For a given document $ d $ and a class $ c $ in a set of classes $ C $, TF-IDF can be particularly insightful. It allows us to:

1. **Distinguish Important Words in Each Document**: By calculating the TF-IDF score for each word in document $ d $, we can identify which words are particularly characteristic of that document compared to other documents in the corpus.

2. **Understand Word Significance Across Classes**: In a classification task, TF-IDF can highlight which words are most descriptive of documents belonging to class $ c $, as opposed to those in other classes in $ C $.

3. **Improve Classification Models**: When used as features in machine learning models, TF-IDF vectors provide a more nuanced representation of text data than simple word counts, potentially leading to more accurate predictions in tasks like sentiment analysis or topic classification.

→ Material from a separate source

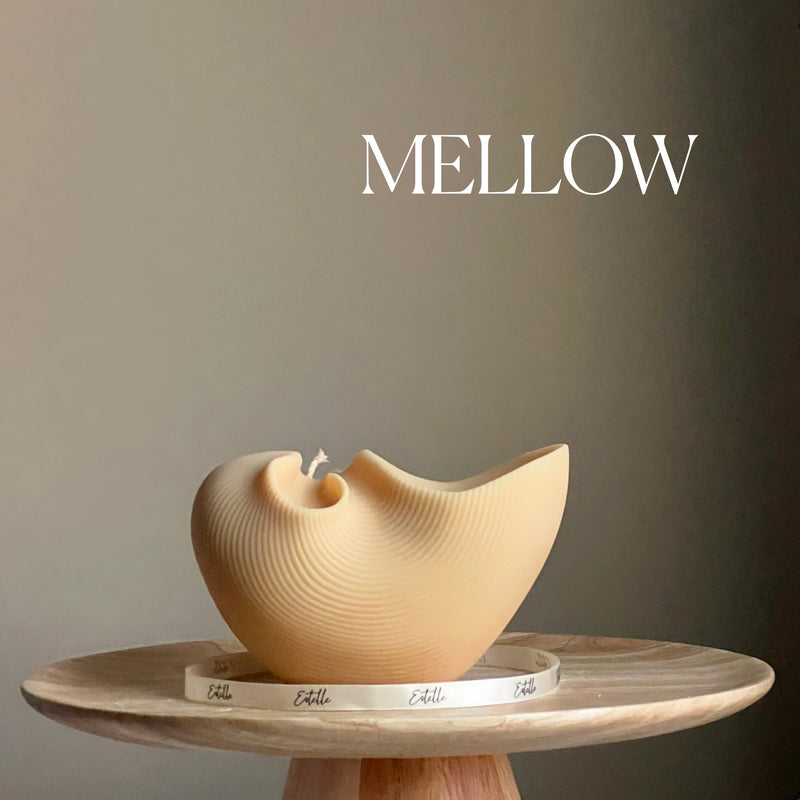 Large Seashell Soy Wax Candle | Unique Clam Shell Decor-6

In the following section, we'll use Python and a machine learning library to apply TF-IDF to a text classification problem, leveraging its potential to enhance the performance of our Naive Bayes Classifier.


TF-IDF is calculated using two components: Term Frequency (TF) and Inverse Document Frequency (IDF).

**Term Frequency (TF)**:
TF measures how frequently a term occurs in a document.
It's calculated as:

$$
     \text{TF}(t, d) = \frac{n_{t, d}}{n_{d}}
$$
where $ n_{t, d} $ is the number of occurrences of term $ t $ in document $ d $, and $ n_{d} $ is the total number of terms in document $d$.

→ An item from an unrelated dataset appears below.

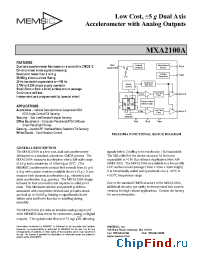 Datasheet MXA2100A manufacturer Memsic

**Inverse Document Frequency (IDF)**:
IDF measures how important a term is across a set of documents or corpus.
It's calculated as:

$$
     \text{IDF}(t, D) = \log \left( \frac{N_D}{n_{D, t}} \right)
$$
where $ N_D $ is the total number of documents in the corpus $ D $, and $ n_{D, t} $ is the number of documents with term $ t $.

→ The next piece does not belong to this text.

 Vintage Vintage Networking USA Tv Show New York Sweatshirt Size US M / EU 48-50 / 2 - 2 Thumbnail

Finally, the TF-IDF score of a term is the product of its TF and IDF scores:

$$
\text{TF-IDF}(t, d, D) = \text{TF}(t, d) \times \text{IDF}(t, D)
$$

Where:
- $ t $ is a term.
- $ d $ is a document.
- $ D $ is the corpus of documents.


1. **TF-IDF Vectorization**
* Utilize scikit-learn's TfidfVectorizer to transform the text data into TF-IDF features.
* This involves converting the raw documents into a matrix of TF-IDF features.


In [12]:
#
# implement here
#

2. **Train the Naive Bayes Classifier**
* Use scikit-learn's Naive Bayes implementation (like `MultinomialNB`) to train the model on the TF-IDF vectors.
* Fit the model to the training data.

In [13]:
#
# implement here
#

3. **Model Evaluation**
* Evaluate the performance of your model on the testing set.
* Use metrics such as accuracy, precision, recall, and F1 score to understand the effectiveness of your model.

In [14]:
#
# implement here
#

4. **Parameter Tuning (Optional)**
* Experiment with different parameters of TfidfVectorizer and the Naive Bayes model to optimize performance.

In [15]:
#
# implement here
#

# For examples:

# 1. **Parameter Tuning for TfidfVectorizer**
# - `max_features`: Control the maximum number of features in the vocabulary.
# - `min_df`: Set the minimum document frequency below which a word is ignored.
# - `max_df`: Set the maximum document frequency above which a word is ignored.
# - `stop_words`: Specify a list of stop words to be excluded from the vocabulary.
# - `ngram_range`: Specify the range of n-grams to be considered as features.
#
# 2. **Parameter Tuning for Naive Bayes Classifier**
# - `alpha`: Adjust the smoothing parameter to control the influence of prior probabilities.
# - `fit_prior`: Enable or disable learning class prior probabilities from the data.
# - `class_prior`: Set prior probabilities for each class manually.
#
# 3. **Grid Search and Cross-Validation**
# - Use a technique like grid search or randomized search to evaluate multiple combinations of parameters systematically.
# - Perform cross-validation to assess the performance of different parameter settings objectively.

## Statistical Significance Testing

1. Compare performance between classifers built in previous sections:

* Hand-coded Rule
* BoW
* TF-IDF

2. Are the results statistically significant?